Download asset Open asset

Differentially active sequences are linked to genes affecting the vocal tract and brain.

(a) Gene ORGANizer enrichment map showing body parts that are significantly over-represented within genes linked to differentially active sequences (false discovery rate [FDR] <0.05). Organs are colored according to the enrichment scale. See Supplementary file 4 for cell types. (b) Human Phenotype Ontology (HPO) phenotypes significantly enriched (FDR <0.05) within differentially active sequences. Fold enrichment is shown in parentheses. See Supplementary file 4 for cell types. (c) CpG islands and read density of active histone modification marks (Kundaje et al., 2015) around the differentially active sequence in *SATB2* (GRCh37 genome version). (d) Violin plots of archaic vs. modern activity of the differentially active sequence in *SATB2*.
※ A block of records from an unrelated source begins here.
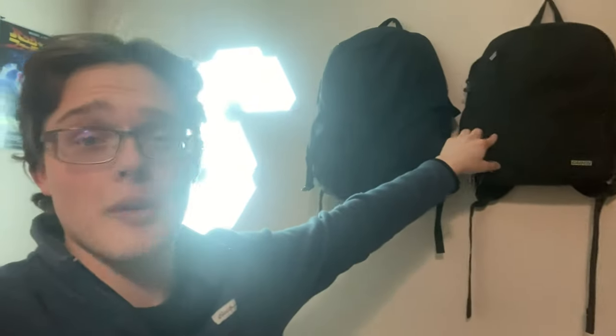So basically I have my nano leaves right here — these are super bright, you guys can find these online for like 200 bucks, they're really pricey. I got my camera bag and my regular school bag.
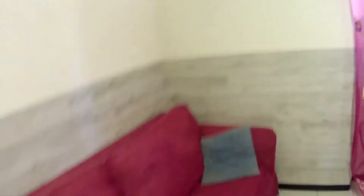Here we have a nice sofa, very comfortable. It's very nice.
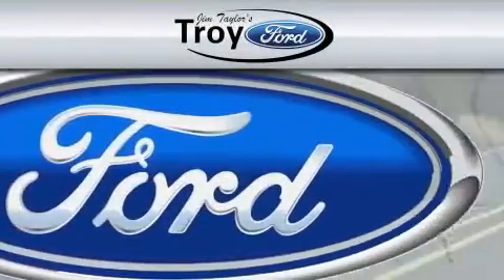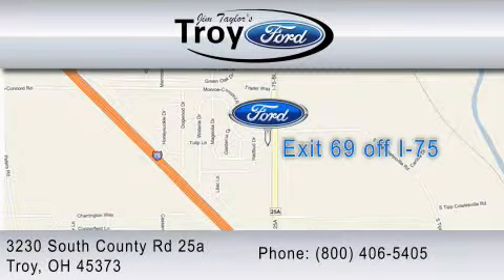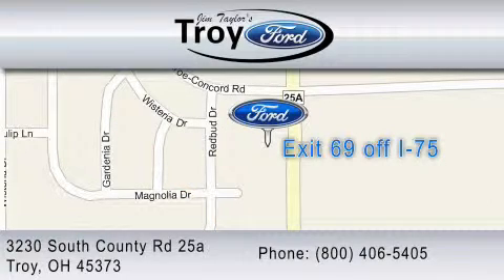We are located at 3230 South County Road, exit 69 off I-75. You can contact us at 1-800-406-5405.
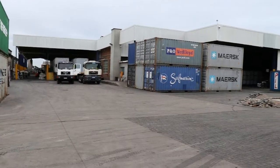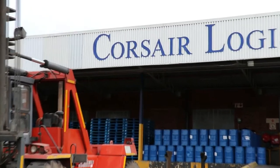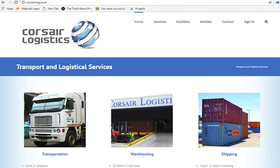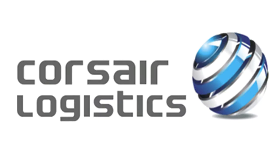If you require a seamless logistics solution and need to make one call, speak to one contact at one company and receive one invoice, then make contact with us, Corsair Logistics. Get onto our website www.corsairlog.com, visit our Facebook page, click on this video, like, share. Corsair Logistics, to the power of one.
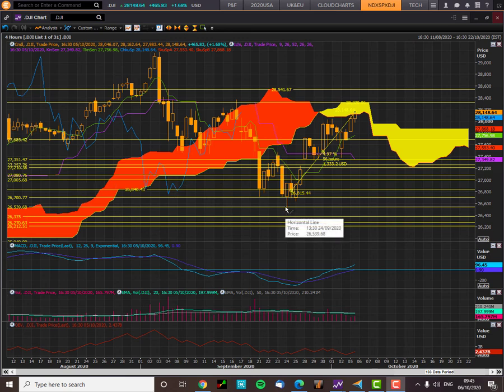You can see here, back in September, the low of 26,539 — 26,540 — was a key support. It managed to rebound from that level, was retested, and then the rally started. It managed to regain price action above the turning line of the cloud, and then the baseline also became a new support level. You can see this rebound from that level there.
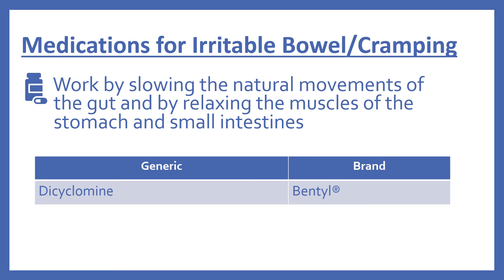Next there's a medication for irritable bowel and cramping — it's in the top 200. These medications work by slowing the natural movements of the gut and by relaxing the muscles of the stomach and small intestines. This includes dicyclomine, which is Bentyl.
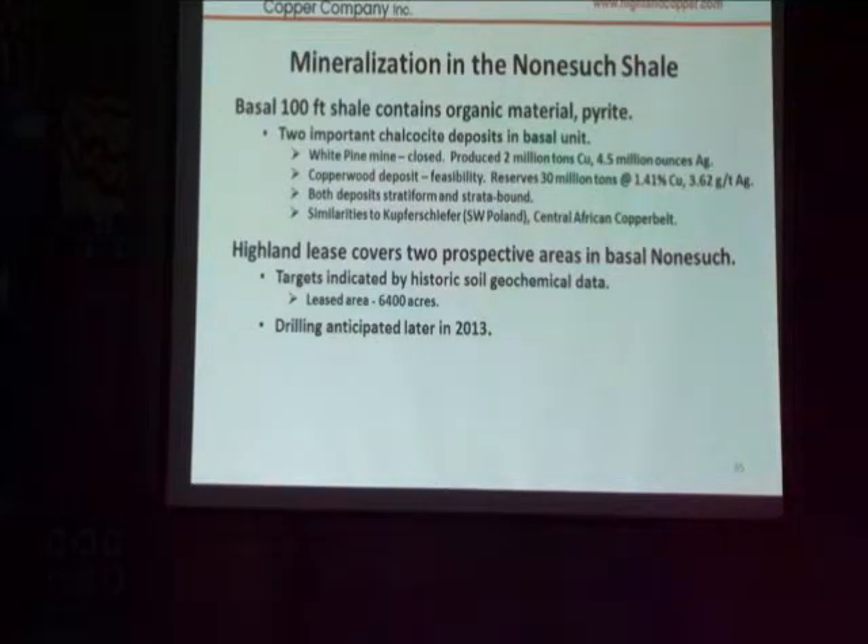We have about 6,400 acres leased in two areas where we had determined that there were soil anomalies — in other words, copper in the soil — back from the early 80s.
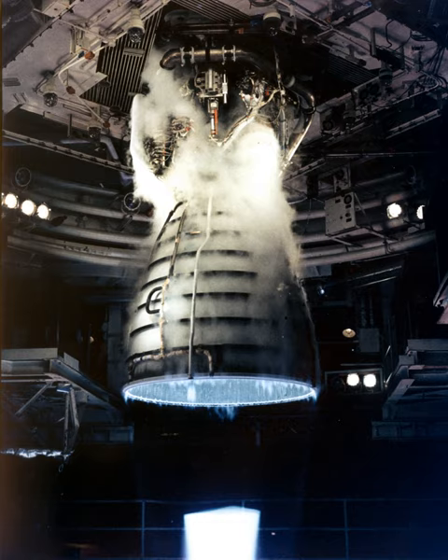Once in the injectors, the propellants are mixed and injected into the main combustion chamber where they are ignited. The burning propellant mixture is then ejected through the throat and bell of the engine's nozzle, the pressure of which creates the thrust.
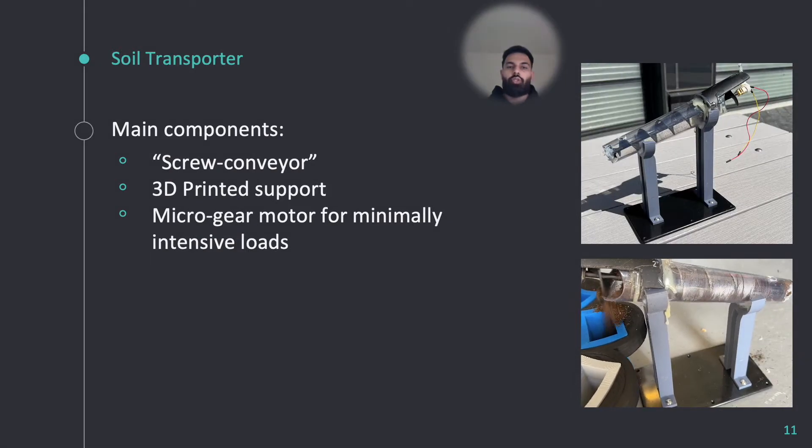The soil transporter module is responsible for transporting the drilled soil to the soil storage system. The simple yet effective design is intended to elevate the soil from the lower drill module closer to the ground to the higher storage system. The 3D printed supports ensure the system stays at the correct height relative to other subsystems. The micro gear motors rotate the screw conveyor, which is held at the other end using ball bearings. The rotating screw then helps transport the soil.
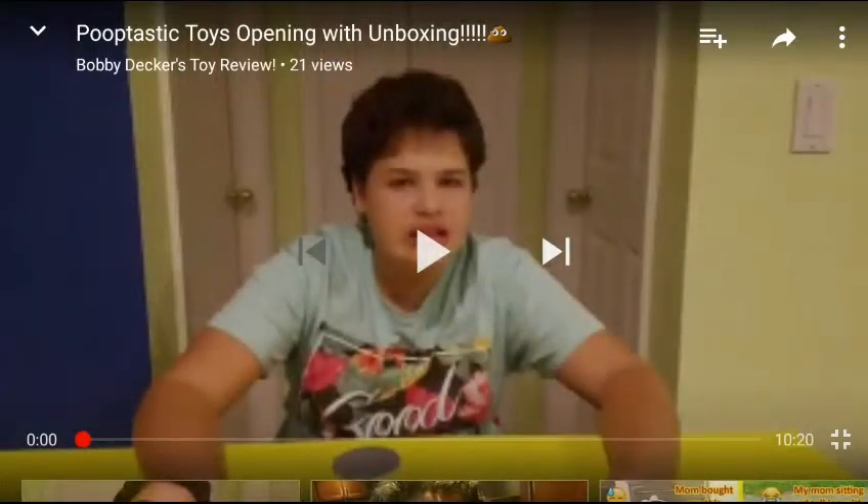What's up, this is here, and welcome back to another video. Today we are reacting to Bobby Deco's toy review — it is poop-tastic toys opening with unboxing. Hope you guys enjoyed this and I'll talk to you after I finish reacting to this video.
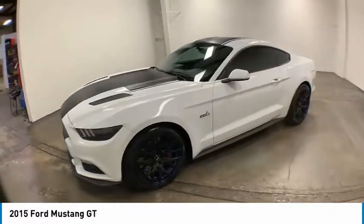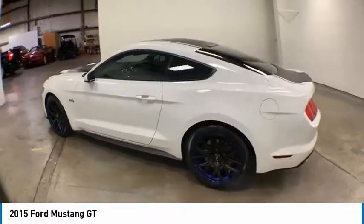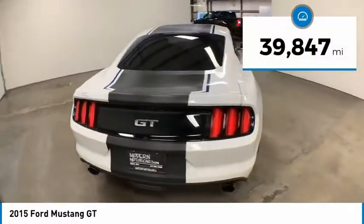Looking for the right vehicle? Check out the 2015 Mustang. The Mustang is race-worthy and ready for the track. This vehicle has less than 40,000 miles.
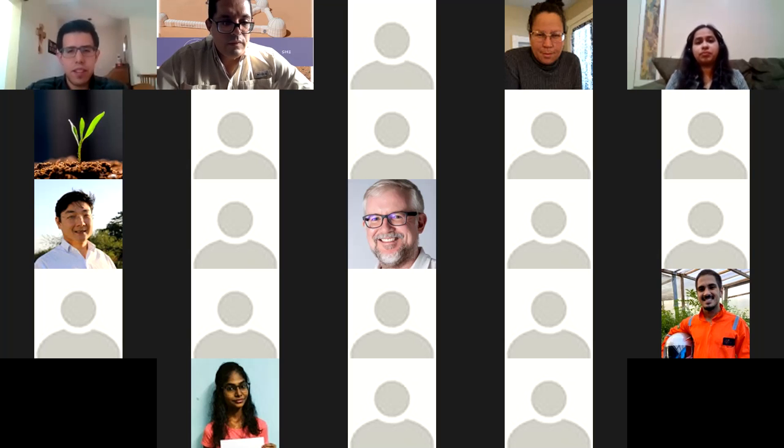Does anyone else have anything to add? That's it — I'd rather field questions because there may be people sitting back saying 'yeah, but...' or 'what about this?'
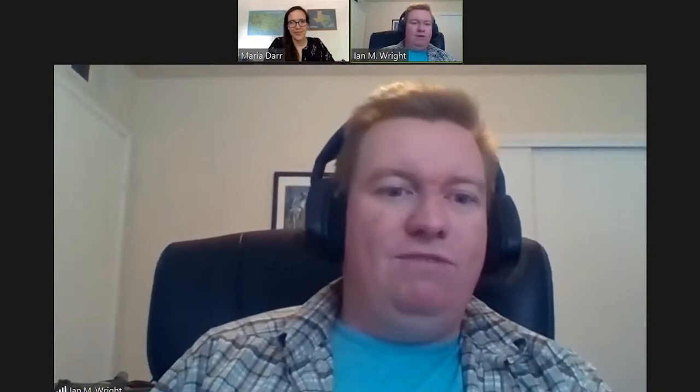If anybody has any questions, you can email in to the registration link — you can reply to that email and we'll see those in real time. Maria can help me out if we find anything. I'll just kind of go through and talk about photography. Let me get into that PowerPoint. We might even have time for a live demonstration — I've got at least one little jumping spider here.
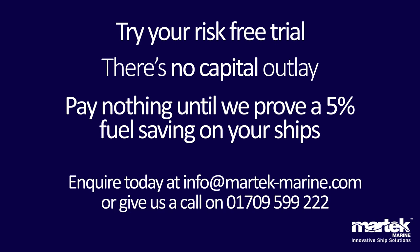So don't delay — we guarantee nanox isn't snake oil. Let us prove it to you with our risk-free nanox trial. There's no capital outlay and nothing to pay until we prove a five percent fuel saving on your ships.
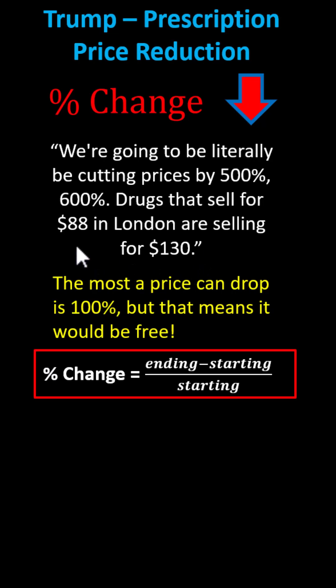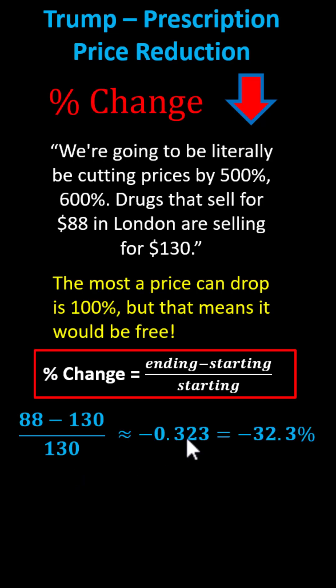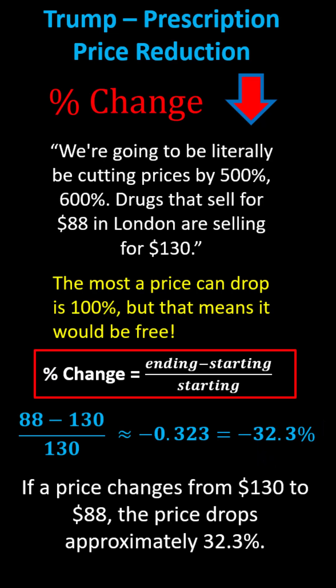In this case, the ending amount is $88 and the starting amount is $130, which gives us 88 minus 130, all divided by 130, which is approximately negative 0.323, or negative 32.3%. The negative indicates a drop in price, or a decrease in price. In this case, the price would have dropped 32.3%. I hope you found this helpful.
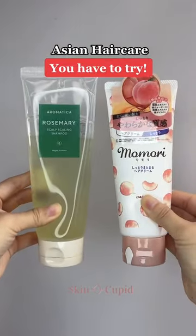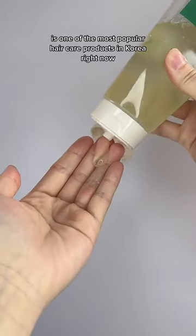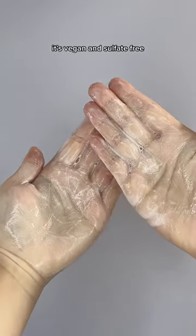Asian haircare products you have to try. This award-winning shampoo is one of the most popular haircare products in Korea right now. It has rosemary and biotin that stimulates hair growth and rejuvenates the scalp. And best of all, it's vegan and sulfate-free.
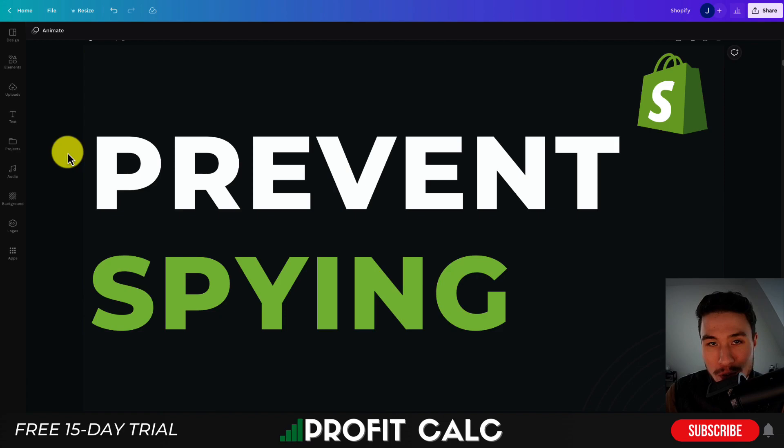Hey everyone, it's Jamie here from Ecom Masterclass and in today's video I'll be going over the best Shopify apps to prevent people from spying on your store. Now it can be extremely frustrating when you're creating a Shopify store, especially if you're dropshipping where you spend a lot of time researching your products, but people come and steal them right away. They steal your images, they steal your ad copy.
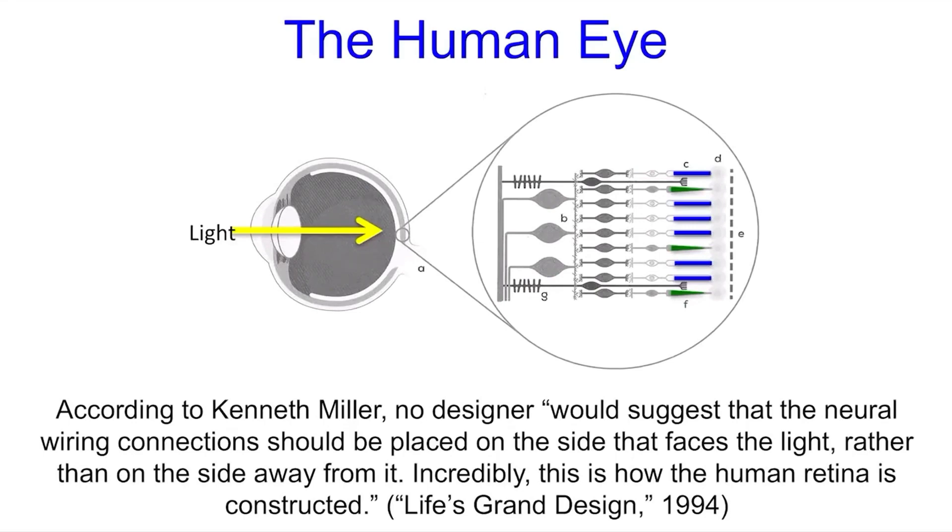According to Kenneth Miller, no designer would suggest that the neural wiring connections should be placed on the side that faces the light, rather than on the side away from it. Incredibly, this is how the human retina is constructed. And like Dawkins, Miller argues that this is a result of evolution — an accident of evolution that leads to flaws, rather than a design feature.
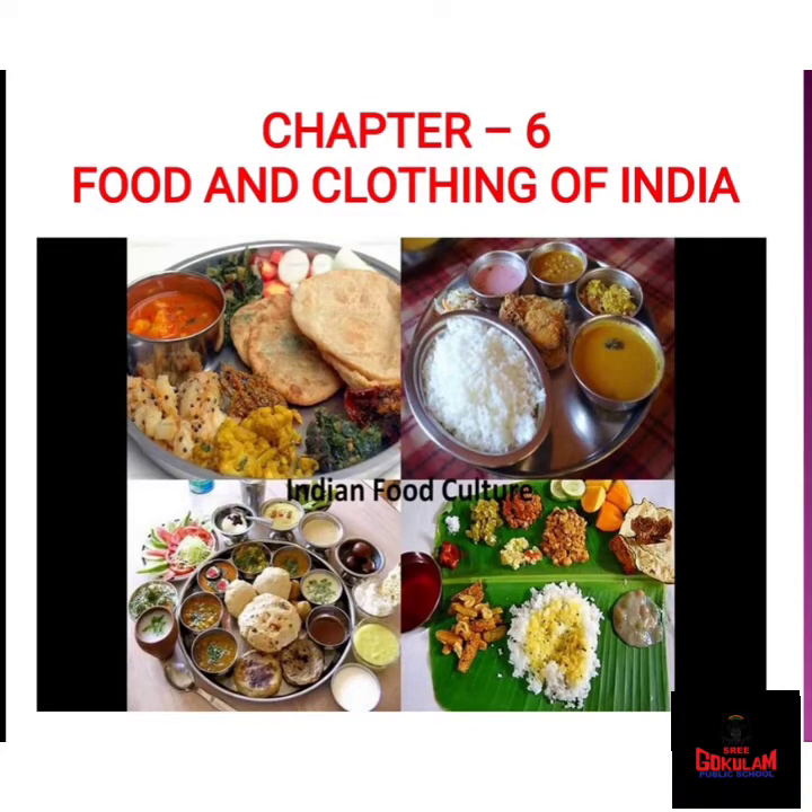Good morning students. Welcome back to our social science. Today I am going to take you to a new chapter — Chapter 6: Food and Clothing of India. Are you ready? So let us start with food, Indian food.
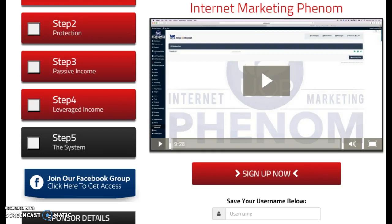Hey guys, Brittany here. I wanted to give you a quick review of one of the income streams listed in the Easy Cash Code system — it's called Internet Marketing Phenom. Basically, this is an internet marketing suite of products that you need to build your brand in the internet marketing space.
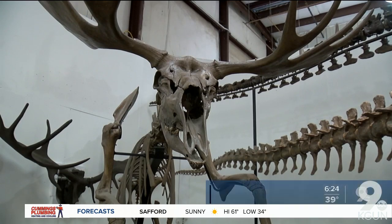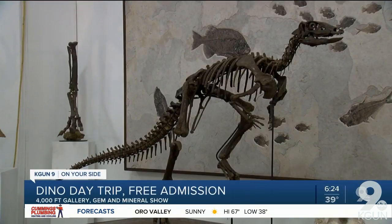There's a day trip coming to the Gem and Minerals show. You can go see a giant 35-foot-long T-Rex named Roosevelt and other prehistoric items for free. The Dino Day Trip exhibit has fully mounted dinosaurs, and there are even some fossils with preserved skin.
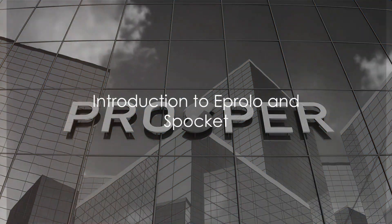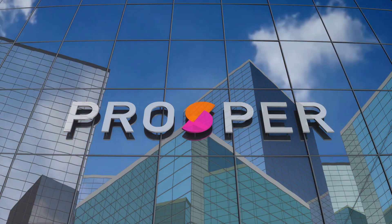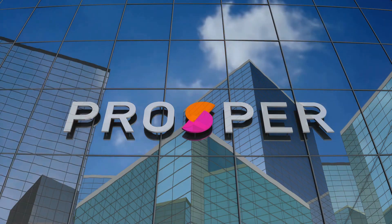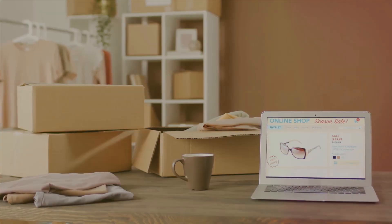Aprolo and Spocket, two powerful names in the e-commerce dropshipping world — but what are they, and how do they stack up against each other? These are crucial questions for anyone interested in the dynamic field of online retail.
Next, we delved into individual phenotypes associated with the differentially active sequences. To this end, we used the Human Phenotype Ontology (HPO) database (Köhler et al., 2014), a curated database of genes and the phenotypes they underlie in monogenic disorders. HPO covers a broad range of phenotypes related to anatomy, physiology, and behavior. We found that enriched phenotypes were involved in speech, heart morphology testicular descent, and kidney function (FDR <0.05, Figure 4b, Supplementary file 4b). These results reveal body parts and phenotypes that were particularly associated with gene expression changes between modern and archaic humans, and could be new candidates for phenotypes under selection.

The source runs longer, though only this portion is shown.